"Very romantic," I say, but I'm smiling despite myself.
"Shut up and hand me the tissues." She burrows back into the quilt, but not before I catch her own smile. "And for the record, this is definitely going in my next book."
"The sneezing?"
"The way you pretend not to care when you obviously do." Her voice is muffled by the quilt but still hits its mark. "It's very authentic."
I grunt but don't deny it. Maybe it's the fever, or maybe I'm just tired of pretending. "Your readers want romance, not reality."
"No." She peers at me over the edge of the quilt. "They want truth. Even when it's messy and complicated and involves two stubborn people who'd rather get sick together than admit they might actually need each other."
Before I can respond to that particular piece of insight, another coughing fit hits. She reaches over, her hand finding mine without hesitation. And maybe it's the fever, or maybe it's just time, but I let her hold on.
I smell burning toast before I hear her in the kitchen, and something tugs in my chest that has nothing to do with lingering congestion. She's been doing this since the fever broke—trying to prove she's fine by taking on tasks she's not ready for. "You're burning the toast." My voice still carries traces of the cold, but I can't quite hide my amusement.
"I'm caramelizing it." She rescues what looks like charcoal from the toaster, her hands trembling with the effort of staying upright. "Very gourmet."
"Very burnt." I move beside her, close enough to catch the scent of Emma's cotton candy shampoo mixed with something uniquely her. "Sit before you fall over."
"I'm fine." The words come automatically, stubborn as ever, but she's swaying slightly where she stands.
"Sure, you are." Without thinking too hard about it, I guide her to a chair, my hands lingering longer than they should on her shoulders. "That's why you're swaying like a fence post in high wind."
She doesn't argue, which tells me more about how she's feeling than any words could. Paisley Monroe admitting defeat is about as rare as Bernard being humble.
"I hate being sick." She slumps in the chair, looking small and frustrated in my old Whispering Pines T-shirt.
"Really? Because you've been such a joy these past few days." I set water in front of her, using the routine of breakfast preparation to distract myself from how right she looks in my clothes. "Drink."
"Bossy." But she drinks anyway, watching me move around the kitchen.
The past few days blur together in my mind—shared blankets and tissues, her fever-warm weight against my side as we argued about TV shows, the way she'd curl into me during coughing fits like she belonged there.
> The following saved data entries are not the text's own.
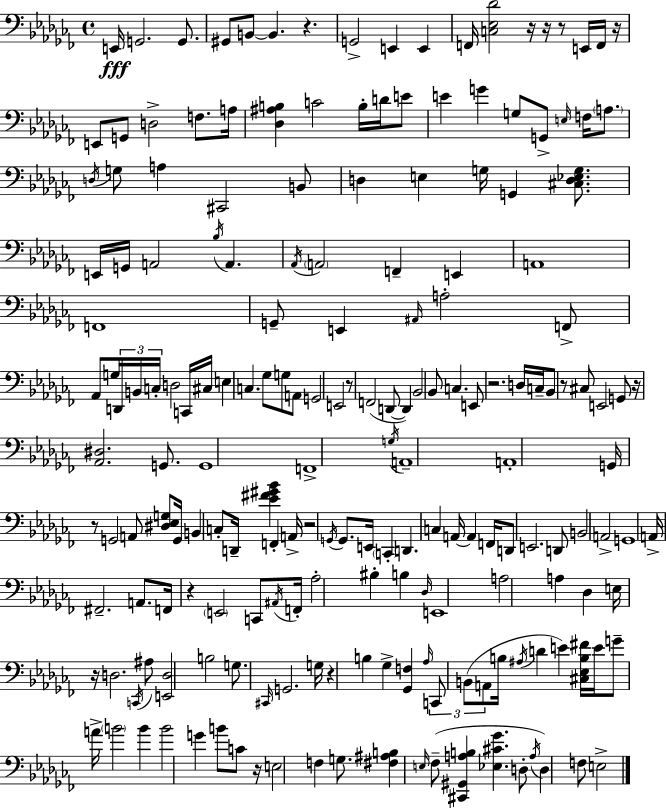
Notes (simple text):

E2/s G2/h. G2/e. G#2/e B2/e B2/q. R/q. G2/h E2/q E2/q F2/s [C3,Eb3,Db4]/h R/s R/s R/e E2/s F2/s R/s E2/e G2/e D3/h F3/e. A3/s [Db3,A#3,B3]/q C4/h B3/s D4/s E4/e E4/q G4/q G3/e G2/e E3/s F3/s A3/e. D3/s G3/e A3/q C#2/h B2/e D3/q E3/q G3/s G2/q [C#3,D3,Eb3,G3]/e. E2/s G2/s A2/h Bb3/s A2/q. Ab2/s A2/h F2/q E2/q A2/w F2/w G2/e E2/q A#2/s A3/h F2/e Ab2/e G3/s D2/s B2/s C3/s D3/h C2/s C#3/s E3/q C3/q. Gb3/e G3/e A2/e G2/h E2/h R/e F2/h D2/e D2/q Bb2/h Bb2/e C3/q. E2/e R/h. D3/s C3/s Bb2/e R/e C#3/e E2/h G2/e R/s [Ab2,D#3]/h. G2/e. G2/w F2/w G3/s A2/w A2/w G2/s R/e G2/h A2/e [D#3,Eb3,G3]/e G2/s B2/q C3/e D2/s [Eb4,F#4,G#4,Bb4]/q F2/q A2/s R/h G2/s G2/e. E2/s C2/q D2/q. C3/q A2/s A2/q F2/s D2/e E2/h. D2/e B2/h A2/h G2/w A2/s F#2/h. A2/e. F2/s R/q E2/h C2/e A#2/s F2/s Ab3/h BIS3/q B3/q Db3/s E2/w A3/h A3/q Db3/q E3/s R/s D3/h. C2/s A#3/e [E2,D3]/h B3/h G3/e. C#2/s G2/h. G3/s R/q B3/q Gb3/q [Gb2,F3]/q Ab3/s C2/e B2/e A2/e B3/s A#3/s D4/q E4/q [C#3,Eb3,B3,F#4]/s E4/s G4/e A4/s B4/h B4/q B4/h G4/q B4/e C4/e R/s E3/h F3/q G3/e. [F#3,A#3,B3]/q E3/s FES3/e [C#2,G#2,A3,B3]/q [Eb3,C#4,Gb4]/q. D3/e A3/s D3/q F3/e E3/h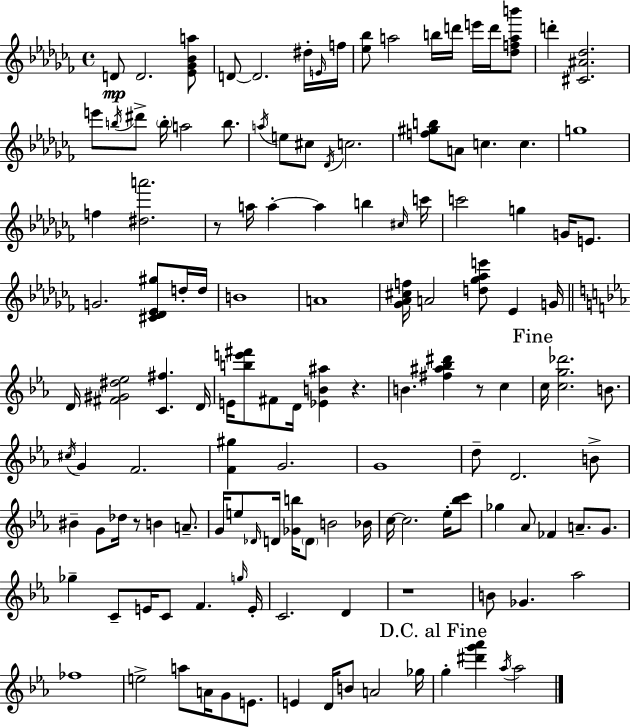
{
  \clef treble
  \time 4/4
  \defaultTimeSignature
  \key aes \minor
  d'8\mp d'2. <ees' ges' bes' a''>8 | d'8~~ d'2. dis''16-. \grace { e'16 } | f''16 <ees'' bes''>8 a''2 b''16 d'''16 e'''16 d'''16 <des'' f'' a'' b'''>8 | d'''4-. <cis' ais' des''>2. | \break e'''8 \acciaccatura { b''16 } dis'''8-> \parenthesize b''16-. a''2 b''8. | \acciaccatura { a''16 } e''8 cis''8 \acciaccatura { des'16 } c''2. | <f'' gis'' b''>8 a'8 c''4. c''4. | g''1 | \break f''4 <dis'' a'''>2. | r8 a''16 a''4-.~~ a''4 b''4 | \grace { cis''16 } c'''16 c'''2 g''4 | g'16 e'8. g'2. | \break <cis' des' ees' gis''>8 d''16-. d''16 b'1 | a'1 | <ges' aes' cis'' f''>16 a'2 <d'' ges'' aes'' e'''>8 | ees'4 g'16 \bar "||" \break \key ees \major d'16 <fis' gis' dis'' ees''>2 <c' fis''>4. d'16 | e'16 <b'' e''' fis'''>8 fis'8 d'16 <ees' b' ais''>4 r4. | b'4. <fis'' ais'' bes'' dis'''>4 r8 c''4 | \mark "Fine" c''16 <c'' g'' des'''>2. b'8. | \break \acciaccatura { cis''16 } g'4 f'2. | <f' gis''>4 g'2. | g'1 | d''8-- d'2. b'8-> | \break bis'4-- g'8 des''16 r8 b'4 a'8.-- | g'16 e''8 \grace { des'16 } d'16 <ges' b''>16 \parenthesize d'8 b'2 | bes'16 c''16~~ c''2. ees''16-. | <bes'' c'''>8 ges''4 aes'8 fes'4 a'8.-- g'8. | \break ges''4-- c'8-- e'16 c'8 f'4. | \grace { g''16 } e'16-. c'2. d'4 | r1 | b'8 ges'4. aes''2 | \break fes''1 | e''2-> a''8 a'16 g'8 | e'8. e'4 d'16 b'8 a'2 | ges''16 \mark "D.C. al Fine" g''4-. <dis''' g''' aes'''>4 \acciaccatura { aes''16 } aes''2 | \break \bar "|."
}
Now that we're both mostly clear-headed, I should be rebuilding those careful walls. Should be remembering all the reasons I decided this couldn't work.
Instead, I find myself watching her in the morning light, memorizing details I have no business noticing. How her hair falls in messy waves around her face, still damp from the shower. The way she wraps both hands around her water glass like she'strying to anchor herself. How she's stopped pretending this isn't home.
"Jake's bringing Emma home today." I say this casually, like it won't completely shift whatever fragile peace we've found in our shared convalescence. "Doctor says we're past the contagious stage."
"Oh." She stares into her water glass like it might hold answers neither of us is ready for. "That's... good."
"Yeah." I pause in my breakfast preparations, something tight coiling in my chest. "However, she might be disappointed we didn't actually die of the plague like she was betting."
"Betrayed by our own immune systems." Her laugh still carries traces of congestion, but it hits me the same way it always does—warm and real and dangerously addictive.
I watch her over my coffee cup, taking in how the morning light catches her hair, the way my shirt hangs loose on her frame like it's found a better home. She looks better today—still pale, but her eyes are clearer, more focused. Unfortunately, that means my excuses for keeping her close are running out.
"You should eat something." I set a plate of actually not-burnt toast in front of her, trying to ignore how her fingers brush mine when she takes it. "Before Jake brings the tornado home."
"Emma's not a tornado." Her smile does things to my chest I'm not ready to examine. "She's more like... a very enthusiastic summer storm."
"That destroys everything in its path?"
"That brings life to everything she touches." Her voice goes soft, thoughtful in that way that usually means I'm about to hear something that'll crack my walls. "Like someone else I know."
I busy myself with the coffee pot, needing distance from the way she sees right through me. "You're still feverish."
"And you're still deflecting." She takes a bite of toast, watching me with those eyes that catch everything. "Though Ihave to admit, your technique's improving. Very smooth subject change."
"Learned from the best." I lean against the counter, crossing my arms like that might protect me from whatever's building between us. "You've got deflection down to an art form."